The BTC Sell Cycle Just Happened So What Usually Comes Next?

The recent Bitcoin sell cycle just played out, and it clearly shook market confidence. Sharp downside moves always feel extreme in real time, especially when sentiment flips from optimism to fear very quickly.

But historically, Bitcoin tends to move in phases — expansion, distribution, correction, and then rebuilding. None of these phases feel comfortable while they’re happening. The correction phase is usually where leverage gets flushed, weaker hands exit, and narratives get reset.

This is often where longer-term structure starts forming again.

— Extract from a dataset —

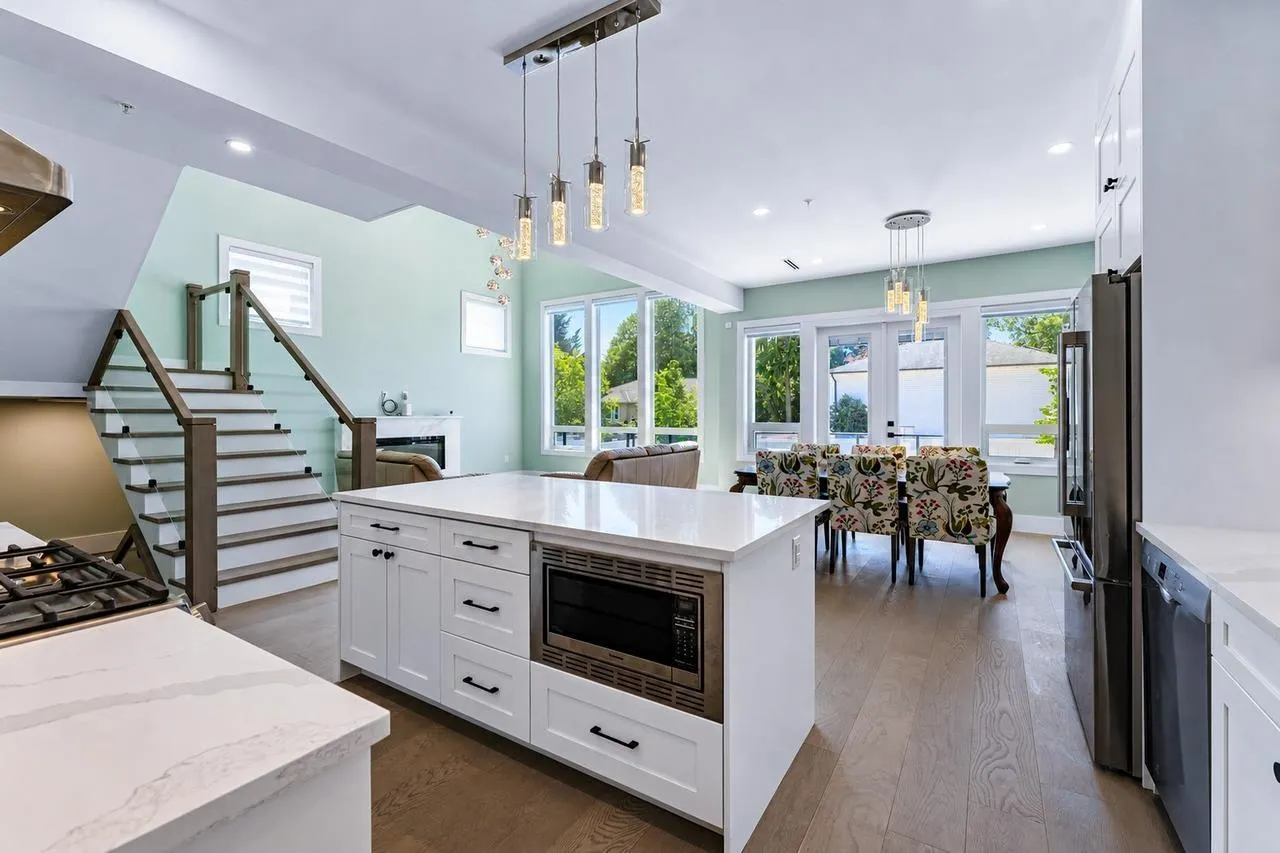 1244 Pitt River Road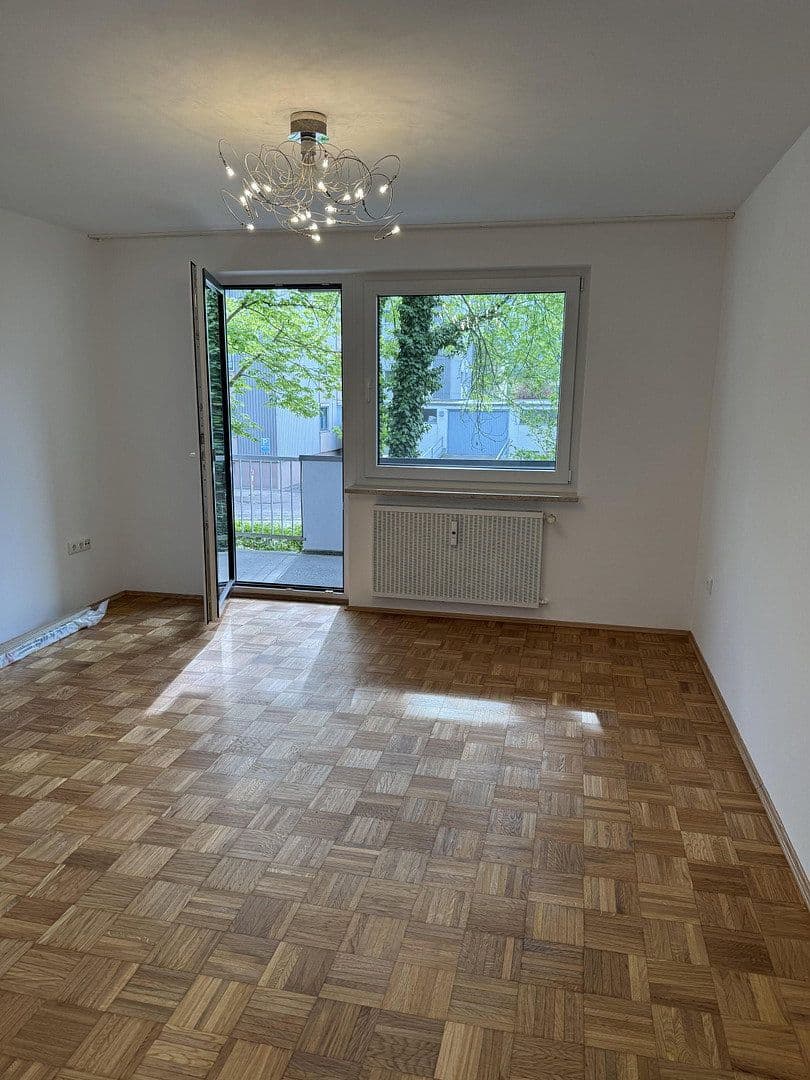 Prenájom bytu 1-izbový 34 m², Lohgrabenstr. 1A, Regensburg, Bavorsko Prenájom bytu 1-izbový 34 m², Lohgrabenstr. 1A, Regensburg, Bavorsko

After major sell cycles in previous market periods, Bitcoin didn’t immediately reverse. More often, it entered a period of slower movement — sometimes sideways, sometimes grinding down — before momentum eventually returned. These phases usually feel “boring” or uncertain while they’re happening.

Right now, uncertainty is normal. Liquidity usually tightens after aggressive upside, and markets often take time to stabilize before any clear trend returns.

So the bigger discussion is about what typically follows a sell cycle.

Historically, major corrections have often acted as reset phases rather than cycle-ending events. Momentum, when it returned, usually came after patience was tested.

No one knows exact timing. No one knows exact bottoms.

But the pattern question is still worth asking:

Is this sell cycle just another reset before the next expansion phase… Or is this time structurally different?

Curious how others here are looking at this phase — recovery setup, extended consolidation, or something else?